** Records to use follows **

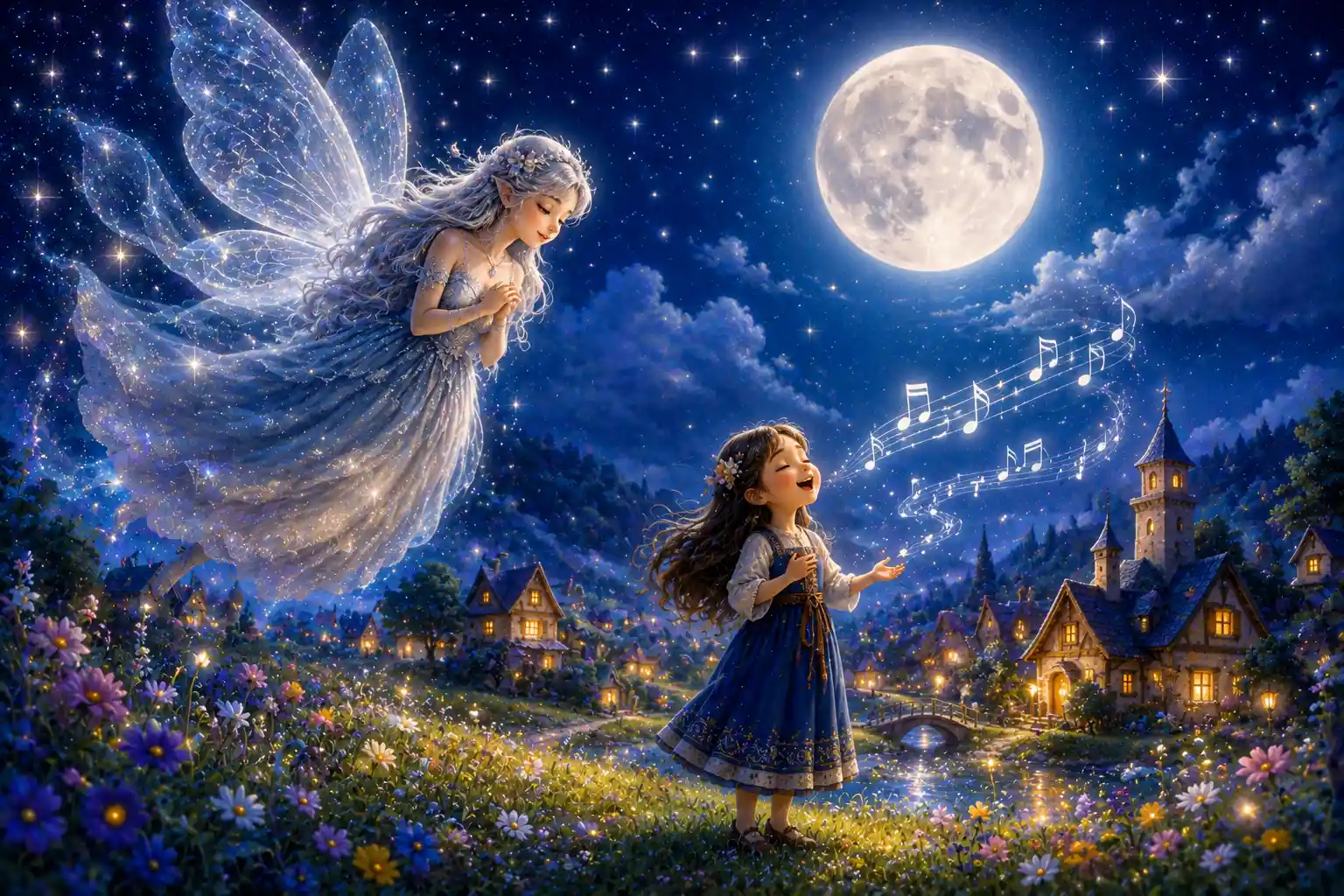 Moon Fairy Listening to a Girl Singing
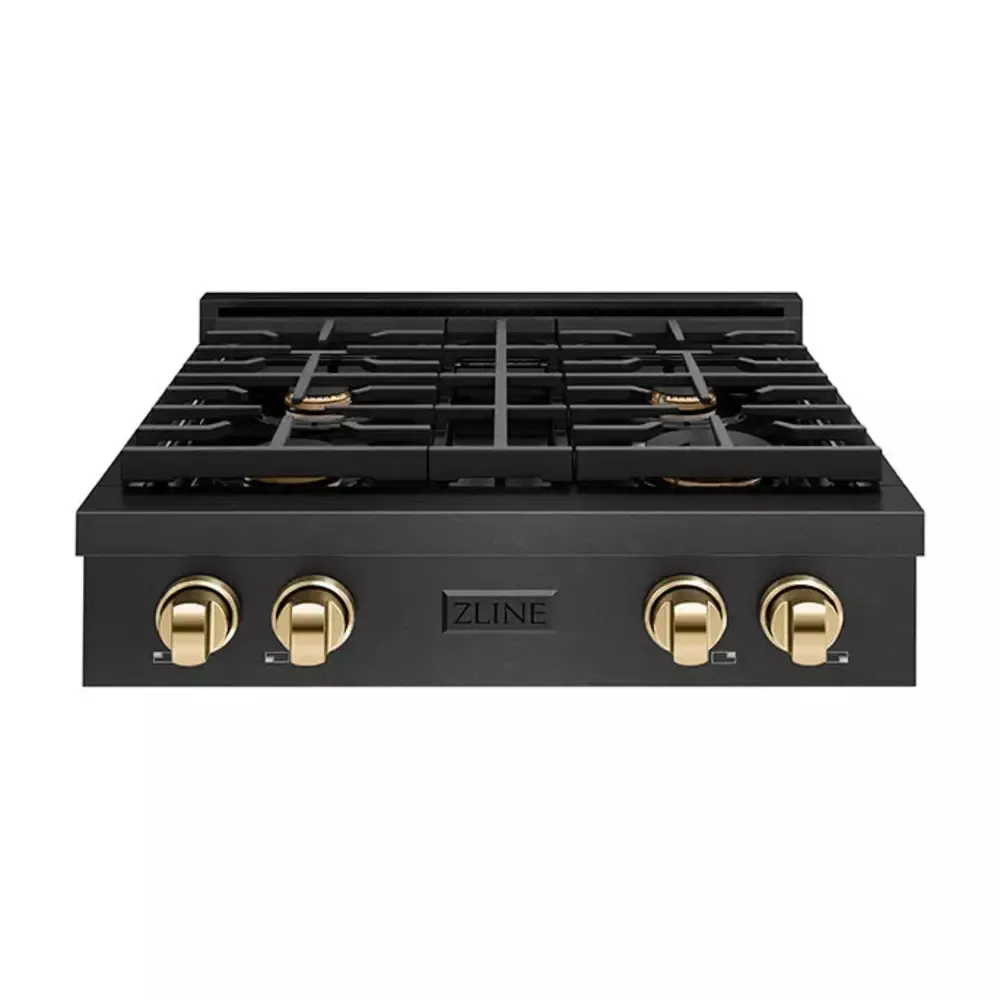 zline-srtbsz30g-paramount-30-black-stainless-steel-gas-cooktop ZLINE SRTBSZ30G Paramount 30" Black Stainless Steel Gas Cooktop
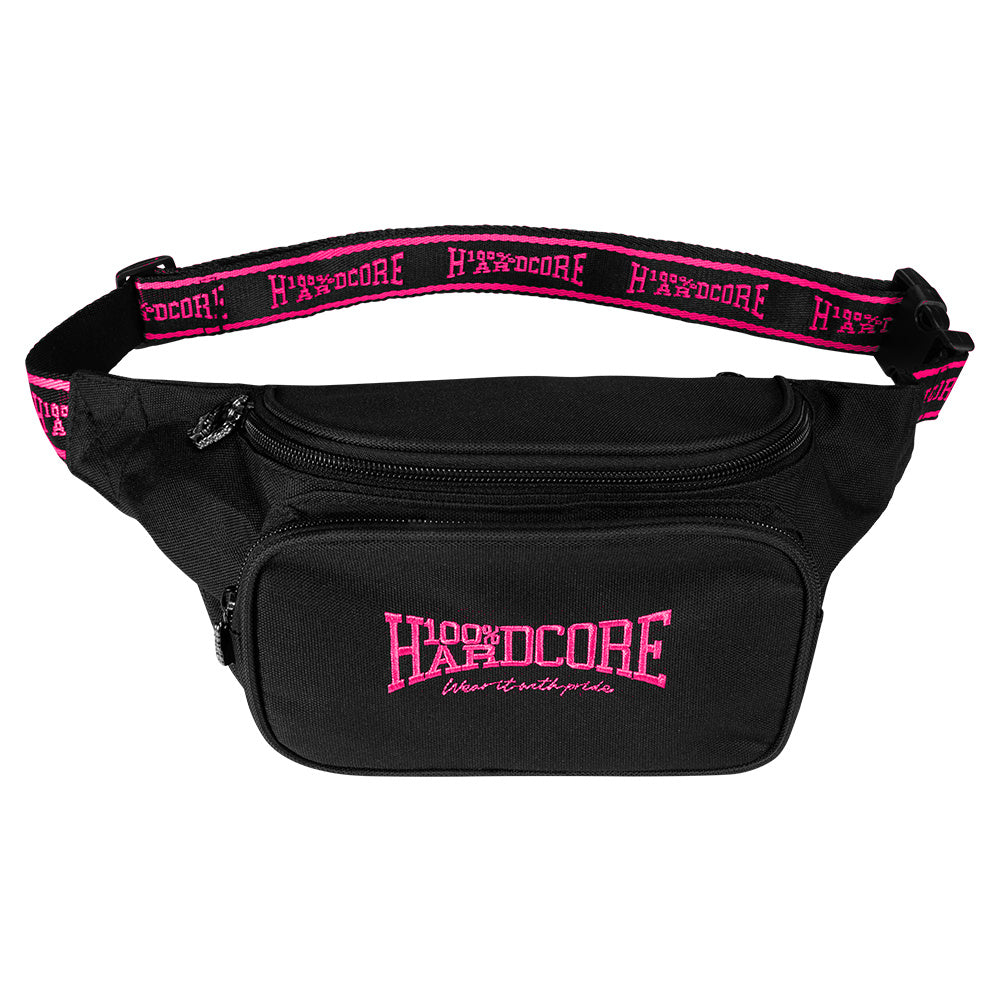 Hip-Bag 100% Hardcore Essential – czarny/różowy, widok przodu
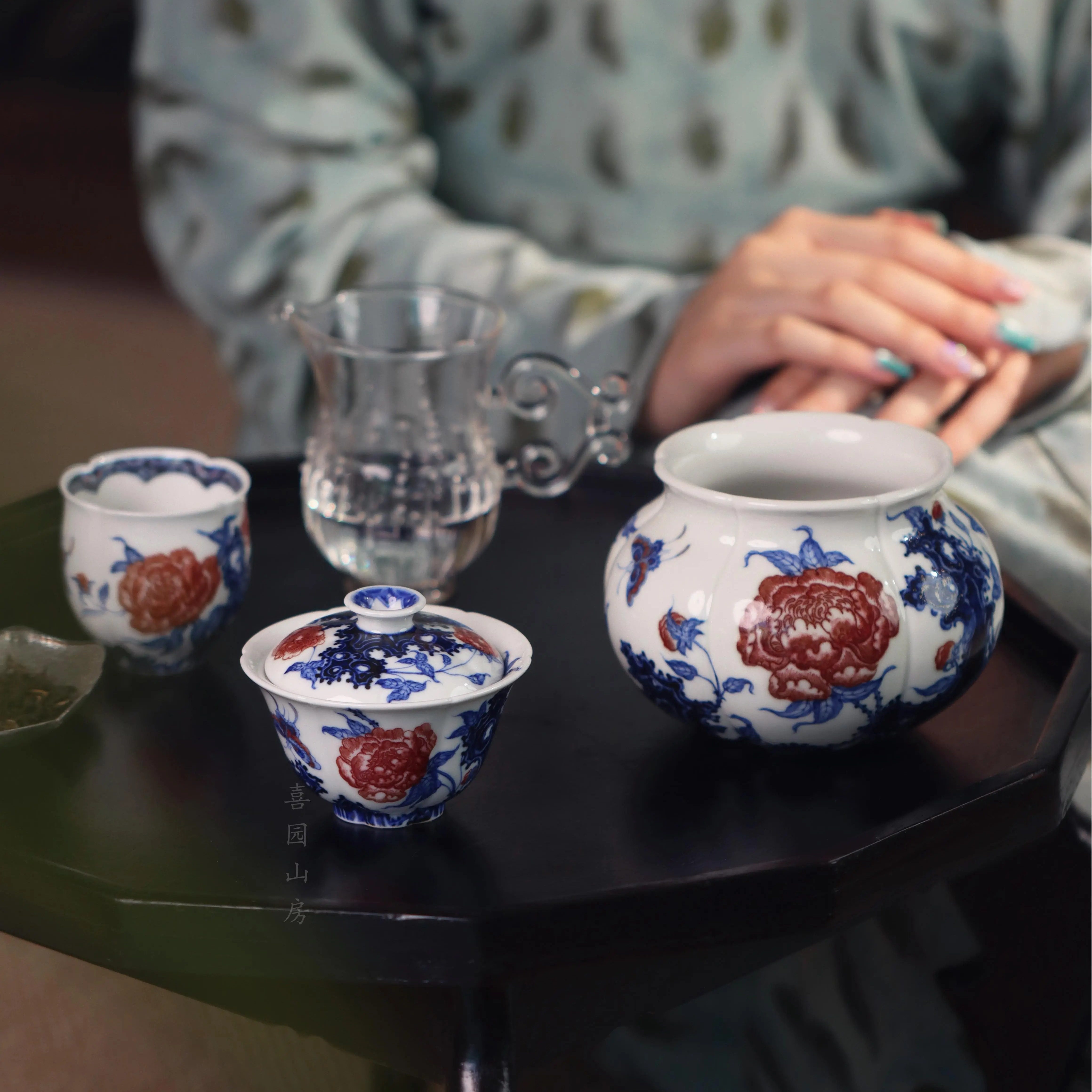 勤义堂新品 国色天香南苑盖碗杯子水洗  设计感不撞款 青花釉里红,餐饮具,整套茶具,淘宝优惠券,粉丝福利购,淘宝优惠卷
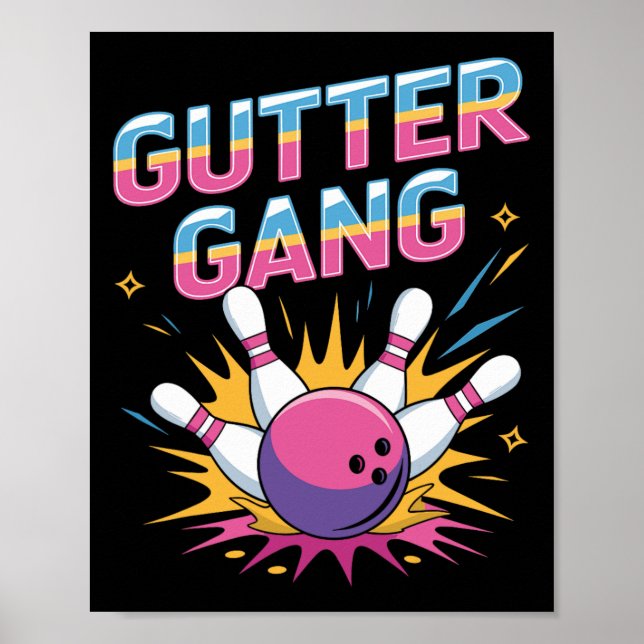 Poster Gutter Gang Shirt Funny Bowling Shirts Gutter Bowl (Devant)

** End of Records to use **

▶ [Prompt]
Could you return all of the entries above exactly, without any images?

▶ [Task answer]
 Moon Fairy Listening to a Girl Singing
 zline-srtbsz30g-paramount-30-black-stainless-steel-gas-cooktop ZLINE SRTBSZ30G Paramount 30" Black Stainless Steel Gas Cooktop
 Hip-Bag 100% Hardcore Essential – czarny/różowy, widok przodu
 勤义堂新品 国色天香南苑盖碗杯子水洗  设计感不撞款 青花釉里红,餐饮具,整套茶具,淘宝优惠券,粉丝福利购,淘宝优惠卷
 Poster Gutter Gang Shirt Funny Bowling Shirts Gutter Bowl (Devant)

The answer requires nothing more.